At the event, Ambassador Martha Bárcena urged ratification of the USMCA trade deal, but he was left without a senior U.S. counterpart as White House acting chief of staff Mick Mulvaney canceled at the last minute.
Trump has given far less fanfare to Cinco de Mayo than his recent predecessors. Former Presidents Barack Obama and George W. Bush hosted elaborate parties in the Rose Garden and East Room of the White House.
In 2017, Vice President Mike Pence hosted a celebration in the Indian Treaty Room. A low-key event was also held last year.
In both 2017 and 2018, Trump issued statements noting the date. “Today, we honor the heritage of our neighbors to the south, and we celebrate the significant contributions of Mexican Americans to the United States,” he said last year.
To commemorate the holiday, an event billed as a USMCA briefing was held in the Indian Treaty Room of the Eisenhower Executive Office Building, which overlooks the White House, followed by a closed-press lunch buffet.
Bárcena advocated for “an agile and flexible border” that supports “the fluid crossings of peoples” and goods, while speaking of building a “very competitive region.”
“Look at the automotive sector of North America. One piece of a car can cross the border up to eight times … before the car is finally assembled,” she said. “That’s why we need an agile and flexible border. A border that guarantees security, but also that guarantees the fluid crossings of peoples, goods and services, and merchandises.”

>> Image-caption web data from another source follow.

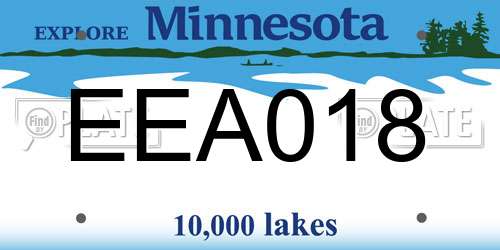 EEA018 Minnesota License Plate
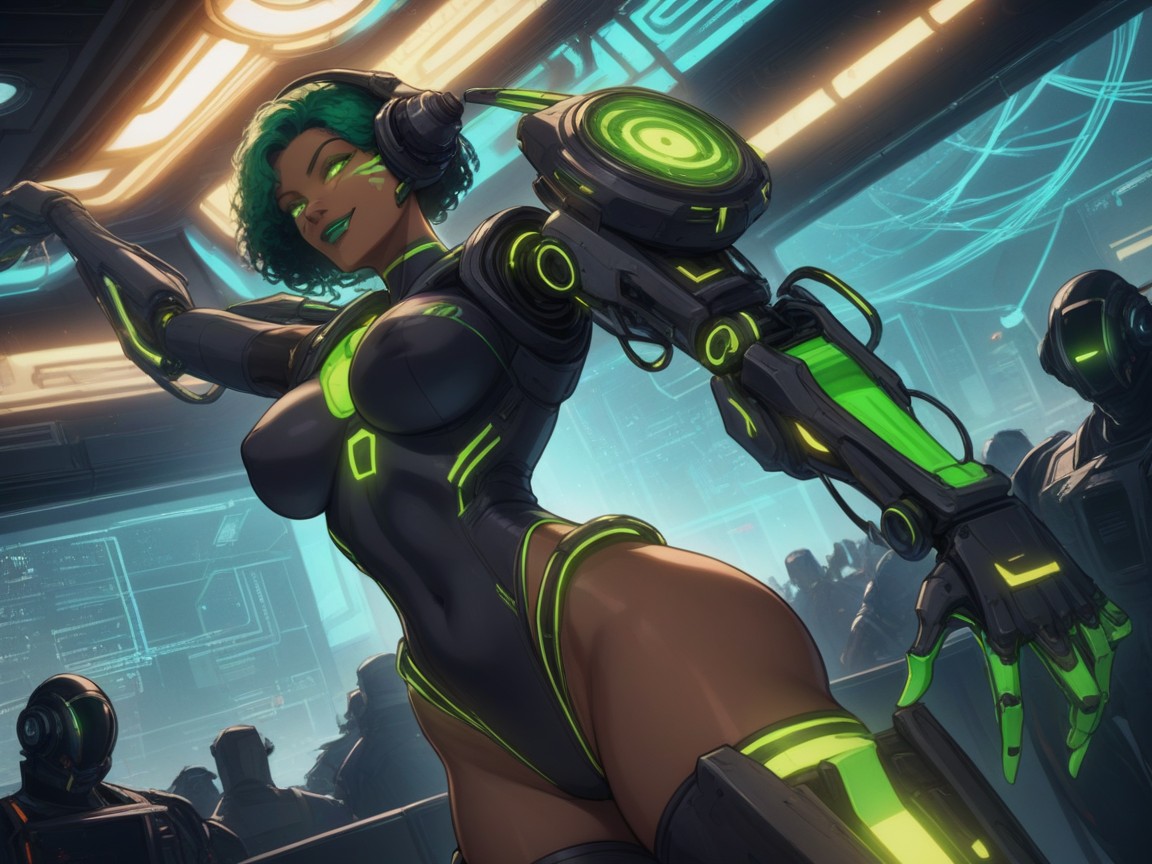 Nsfw, Futuristic Setting, One Cybernetic Woman 拉丁AI色情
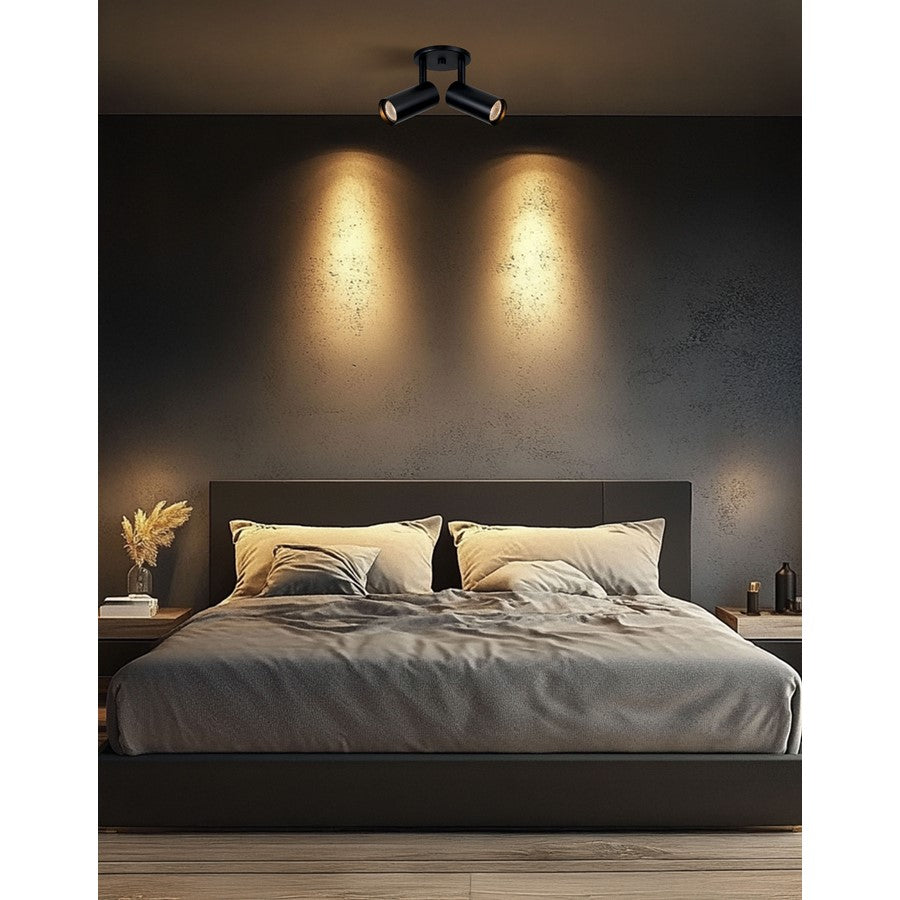 Dainolite Stanly 10.5in 2-Light Spotlight | Contemporary Matte Black Metal | Bedroom & Living Room Accent | 10.5 x 10.5 x 7.25 in | Model STY-72SPT-MB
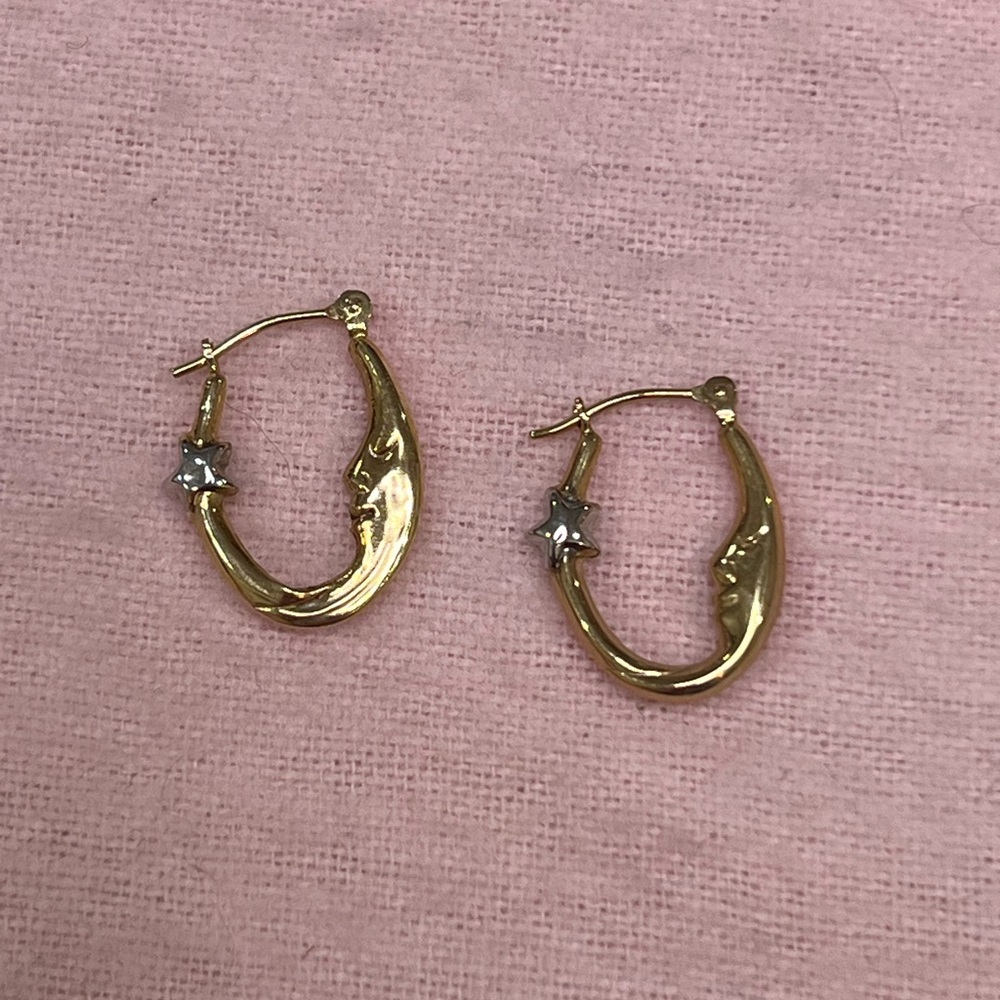 SOLD!! 14K Yellow Gold Moon & Star Hoop Earrings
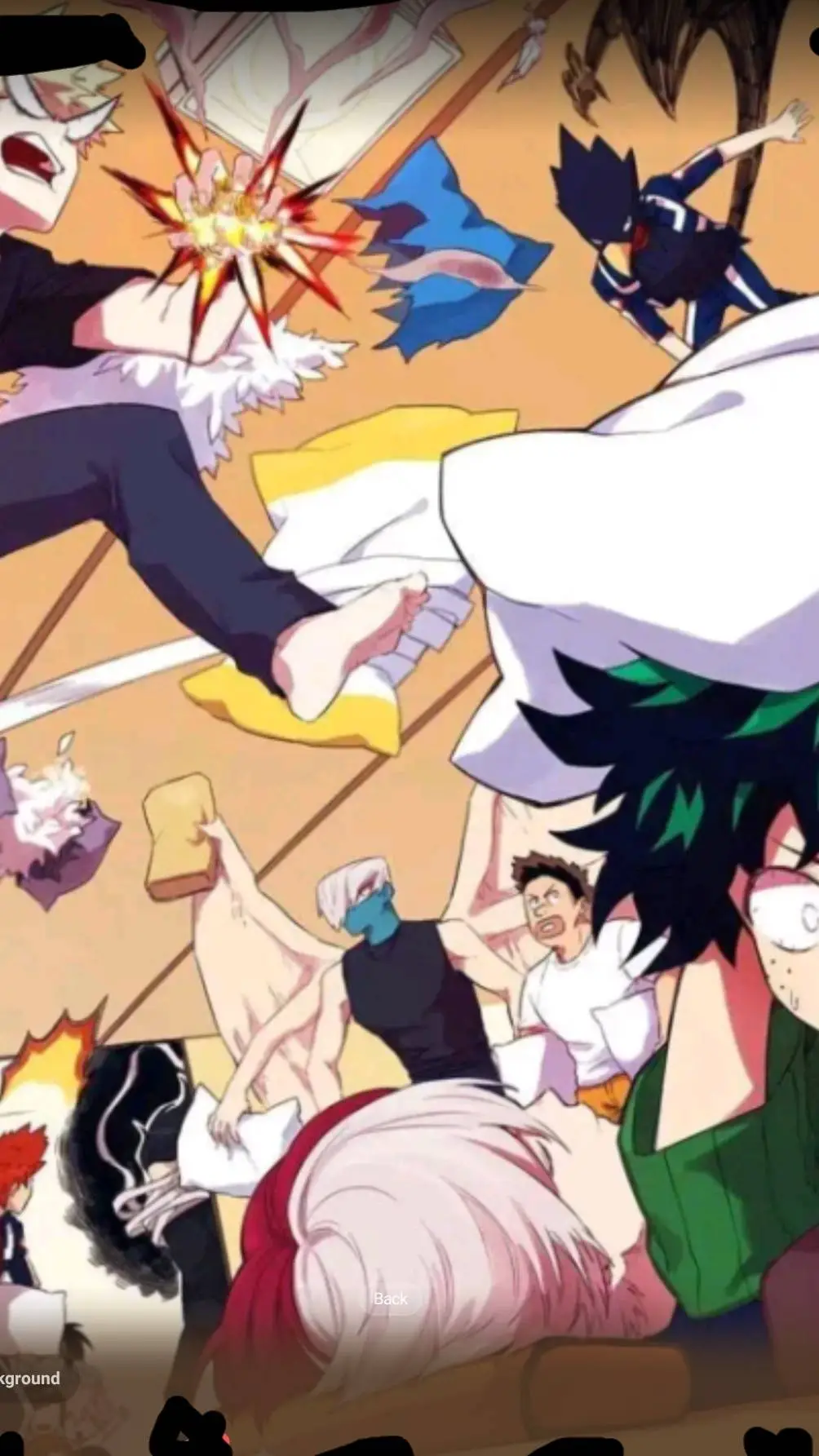 ai character: Pigiama party MHA background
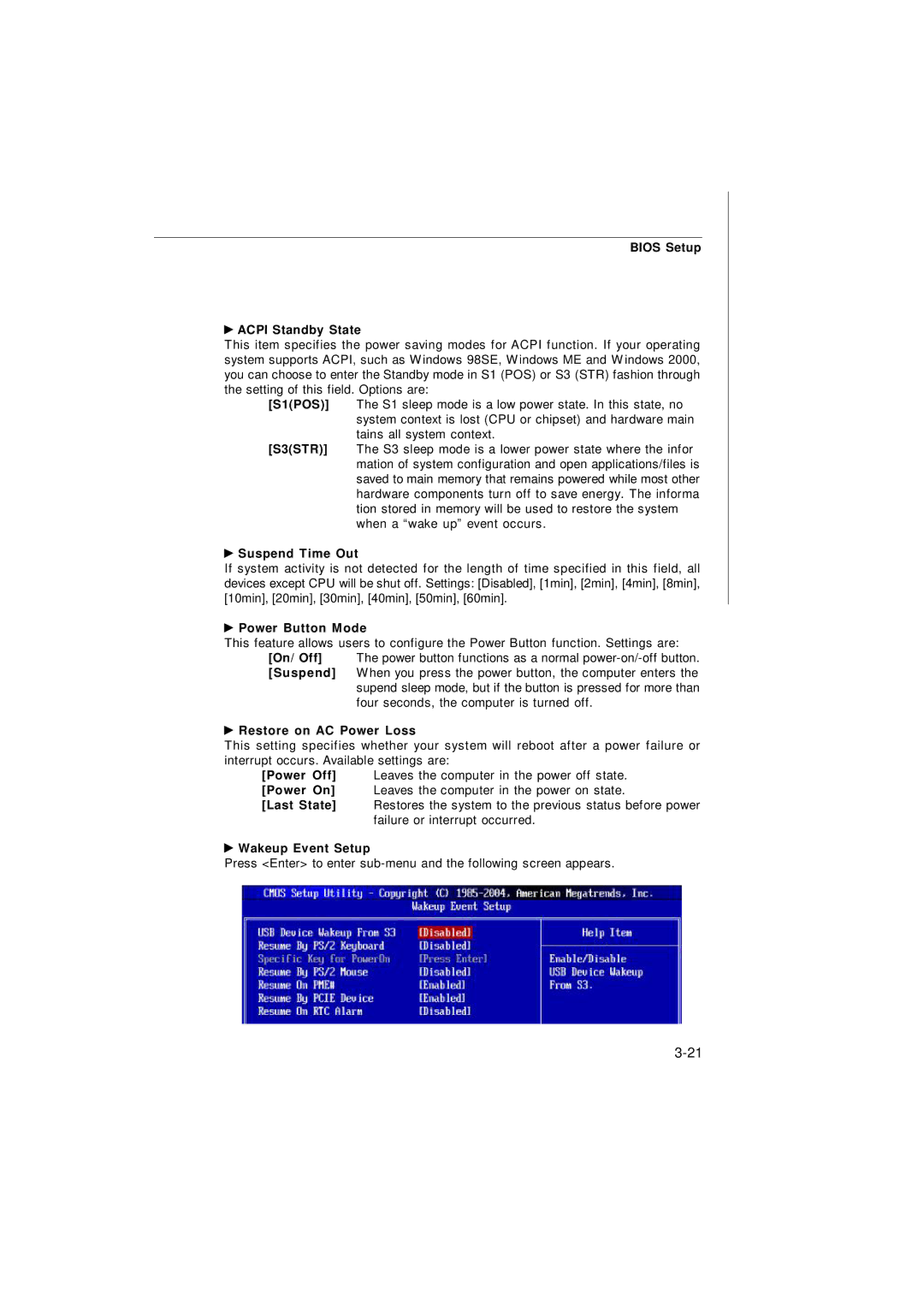 IBM G52-72361X2 manual Bios Setup Acpi Standby State, Suspend Time Out, Power Button Mode, Restore on AC Power Loss 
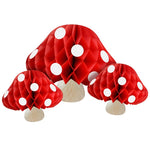 décoration fête anniversaire enfant adulte boule papier forme champignon rouge blanc texture alvéolée festive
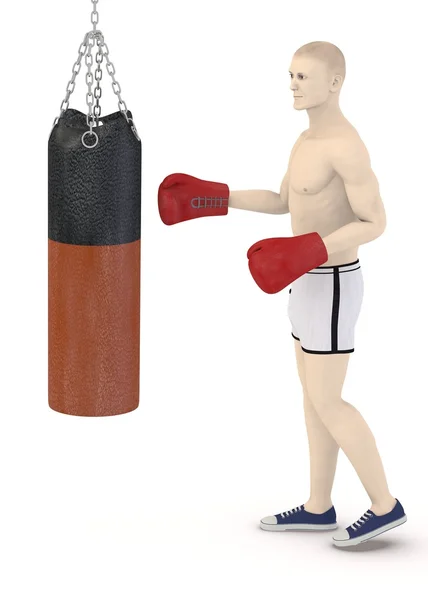 3d renderizado de boxeo masculino artificial — Foto de Stock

Bárcena said Democrats in Congress should have no concerns about Mexico enforcing new labor standards that are intended to prevent the outsourcing of U.S. jobs by raising Mexican wages. She noted the Mexican Congress this week approved legislation making it easier for workers to unionize.
“Texas’s exports to Mexico are larger than all U.S. exports to Japan and India combined,” she said. “The livelihood of 5 million Americans is on the line,” she added, citing a U.S. Chamber of Commerce report. “That is basically every single person living in Alabama right now.”
Journalists who covered the USMCA briefing were escorted out of the room during a panel conversation that included Tim Pataki, director of of the White House Office of Public Liaison, who noted historically low Hispanic American unemployment.
Cinco de Mayo marks Mexico’s 1862 victory over invading French Emperor Napoleon III in the Battle of Puebla. Though victorious, the French later imposed Maximilian I, an Austrian royal who ruled Mexico as emperor from 1864-1867, before being overthrown and executed at age 34.
“Thanks to the social and effective labor rights agenda of President Lopez Obrador, don’t have any doubt that we will enforce these labor reforms,” she said. “These should allay all the fears of our Democrat friends in Congress.”
Bárcena said passage of USMCA was important to the U.S., too.